1220087 – Make MOKManager to wait indefinitely for user input

Bug 1220087 - Make MOKManager to wait indefinitely for user input

Summary: Make MOKManager to wait indefinitely for user input

Status:	NEW

Alias:	None

Product:	openSUSE Tumbleweed
Classification:	openSUSE
Component:	Bootloader (show other bugs)
Version:	Current
Hardware:	Other Other

Priority:	P5 - None Severity: Normal (vote)
Target Milestone:	---
Assignee:	Gary Ching-Pang Lin
QA Contact:	E-mail List

URL:
Whiteboard:
Keywords:

Depends on:
Blocks:

Clone This Bug

Reported:	2024-02-19 22:03 UTC by Andrei Dziahel
Modified:	2024-06-17 11:08 UTC (History)
CC List:	2 users (show)

See Also:
Found By:	---
Services Priority:
Business Priority:
Blocker:	---
Marketing QA Status:	---
IT Deployment:	---

Attachments
Add an attachment (proposed patch, testcase, etc.)

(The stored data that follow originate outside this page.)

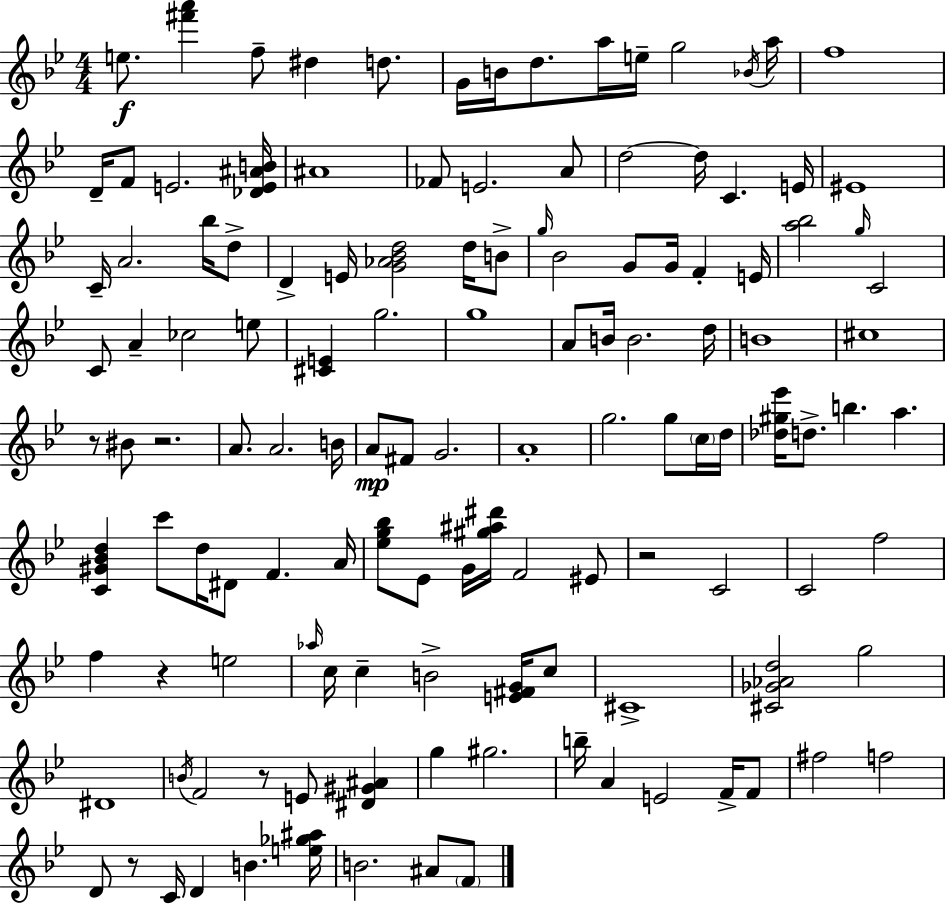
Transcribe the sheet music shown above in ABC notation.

X:1
T:Untitled
M:4/4
L:1/4
K:Bb
e/2 [^f'a'] f/2 ^d d/2 G/4 B/4 d/2 a/4 e/4 g2 _B/4 a/4 f4 D/4 F/2 E2 [_DE^AB]/4 ^A4 _F/2 E2 A/2 d2 d/4 C E/4 ^E4 C/4 A2 _b/4 d/2 D E/4 [G_A_Bd]2 d/4 B/2 g/4 _B2 G/2 G/4 F E/4 [a_b]2 g/4 C2 C/2 A _c2 e/2 [^CE] g2 g4 A/2 B/4 B2 d/4 B4 ^c4 z/2 ^B/2 z2 A/2 A2 B/4 A/2 ^F/2 G2 A4 g2 g/2 c/4 d/4 [_d^g_e']/4 d/2 b a [C^G_Bd] c'/2 d/4 ^D/2 F A/4 [_eg_b]/2 _E/2 G/4 [^g^a^d']/4 F2 ^E/2 z2 C2 C2 f2 f z e2 _a/4 c/4 c B2 [E^FG]/4 c/2 ^C4 [^C_G_Ad]2 g2 ^D4 B/4 F2 z/2 E/2 [^D^G^A] g ^g2 b/4 A E2 F/4 F/2 ^f2 f2 D/2 z/2 C/4 D B [e_g^a]/4 B2 ^A/2 F/2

Note You need to log in before you can comment on or make changes to this bug.

Description Andrei Dziahel 2024-02-19 22:03:26 UTC

Repro: 

0. SecureBoot is enabled and working properly, openSUSE (Tumbleweed) is installed and `mokutil --sb-state` reports "enabled"
1. NVIDIA proprietary driver is installed and kernel is upgraded OR NVIDIA proprietary driver is just got installed
2. Reboot
3. A MOKManager prompt shows up

Expected: the MOKManager is waiting for user input indefinitely, or for couple of minutes at least.

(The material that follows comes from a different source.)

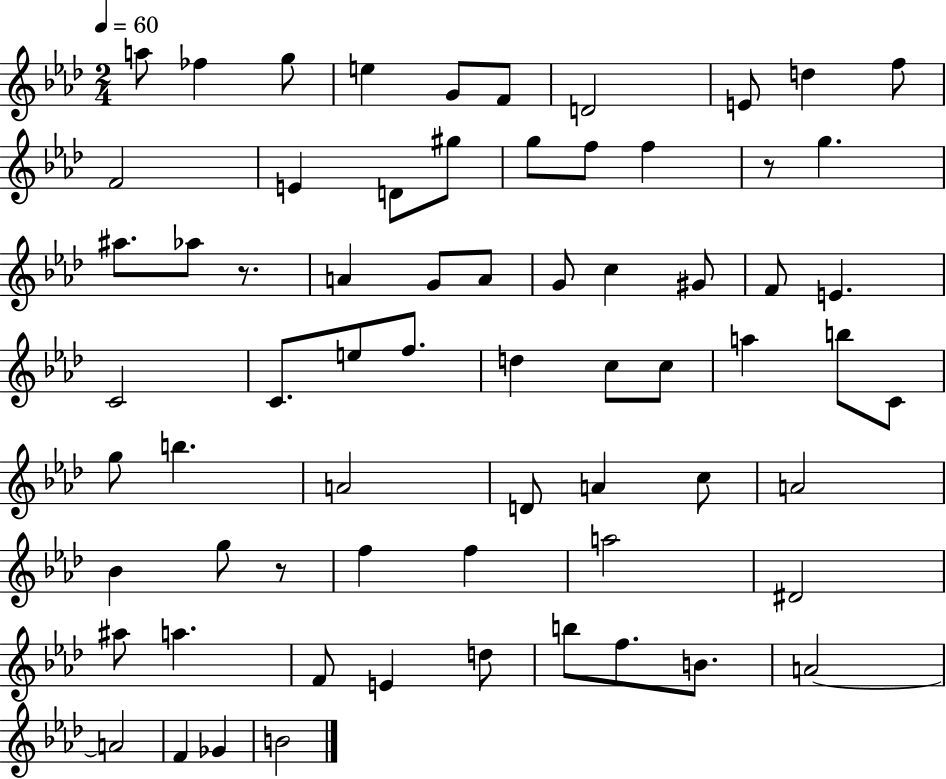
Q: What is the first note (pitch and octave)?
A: A5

Instead: the timeout elapses, the PC reboots and NVIDIA driver doesn't load because the signature wasn't imported

This is especially annoying when trying to do an unattended upgrade involving kernel package.

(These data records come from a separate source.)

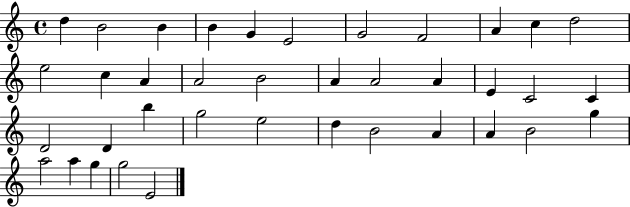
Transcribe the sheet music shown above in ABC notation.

X:1
T:Untitled
M:4/4
L:1/4
K:C
d B2 B B G E2 G2 F2 A c d2 e2 c A A2 B2 A A2 A E C2 C D2 D b g2 e2 d B2 A A B2 g a2 a g g2 E2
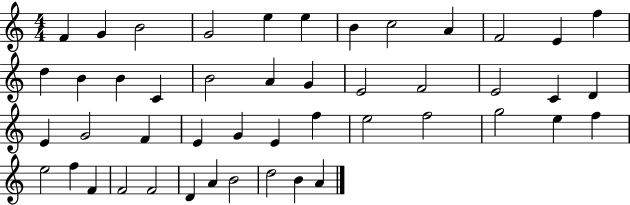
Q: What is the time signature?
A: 4/4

Comment 1 Gary Ching-Pang Lin 2024-03-08 02:15:43 UTC

The timeout of MokManager can be set by 'mokutil --timeout <seconds>'.
For example, to make MokManager wait 30 seconds:

  # mokutil --timeout 30

To disable the timeout, just set the timeout to '-1':

  # mokutil --timeout -1

Comment 2 Andrei Dziahel 2024-03-25 16:17:35 UTC

(In reply to Gary Ching-Pang Lin from comment #1)
> The timeout of MokManager can be set by 'mokutil --timeout <seconds>'.
> For example, to make MokManager wait 30 seconds:
> 
>   # mokutil --timeout 30
> 
> To disable the timeout, just set the timeout to '-1':
> 
>   # mokutil --timeout -1

Thank you for the suggestion. There's the quirk though — this change is one-off, according to MokManager's source at https://github.com/rhboot/shim/blob/126a07ebc30bbd203b6966465b058da741b2654b/MokManager.c#L2170-L2175, i.e. the EFI variable (stored in NVM, I guess?) is *deleted* after reading it (if I'm reading the source correctly, of course). Which stays in line with the actual behavior — the command you provided did disable MokManager's timeout, but exactly once. 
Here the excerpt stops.